The strikes on Friday night was intended to show Western resolve in the face of what the leaders of the three nations called persistent violations of international law, reports The New York Times.
"I ordered the US armed forces to launch precision strikes on targets associated with the chemical weapon capabilities of Syrian dictator Bashar al-Assad," Trump said from the White House Diplomatic Reception Room.
"The combined American, British and French response to these atrocities will integrate all instruments of our national power: military, economic and diplomatic," Trump said.
In his speech, Trump deemed the chemical attack in Douma as "Not the actions of a man... They are crimes of a monster instead."
"We are prepared to sustain this response until the Syrian regime stops its use of prohibited chemical agents," he added.
The strikes targeted three facilities associated with Syria's chemical weapons arsenal, including a scientific research facility around Damascus, a chemical weapons storage facility around Homs alleged to be used for sarin gas and a nearby command post, according to the Pentagon.
US aircraft including B-1 bombers and ships were used in the attack, US defence officials said.
The capital city's residents woke to the sounds of multiple explosions shaking the city before the dawn call to prayer.
The city and the hills are surrounded by military facilities, and it appeared that these were among the first targets, reports The New York Times.
Syrian state television said government air defence systems were responding to "the American aggression" and aired video of missiles being fired into a dark night sky.
It was not clear if they hit anything. It reported that 13 missiles had been shot down by Syrian air defences near Al-Kiswa, a town south of Damascus.
The targets were chosen to minimise the risk of accidentally hitting Russian troops stationed in Syria, according to Gen. James F. Dunford Jr., the chairman of the Joint Chiefs of Staff.
"Right now this is a one-time shot and I believe it has sent a very strong message to dissuade him to deter him from doing it again," he said.
The strikes marked the second time that Trump has attacked Syria to punish the government after it was accused of using chemical weapons.

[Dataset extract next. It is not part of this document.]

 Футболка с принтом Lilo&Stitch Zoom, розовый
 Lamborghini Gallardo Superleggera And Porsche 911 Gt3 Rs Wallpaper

In April 2017, the US fired 59 Tomahawk cruise missiles at a Syrian air base in retaliation to a chemical attack that killed over 100 people.
"This persistent pattern of behaviour must be stopped... Not just to protect innocent people in Syria from the horrific deaths and casualties caused by chemical weapons but also because we cannot allow the erosion of the international norm that prevents the use of these weapons," she said.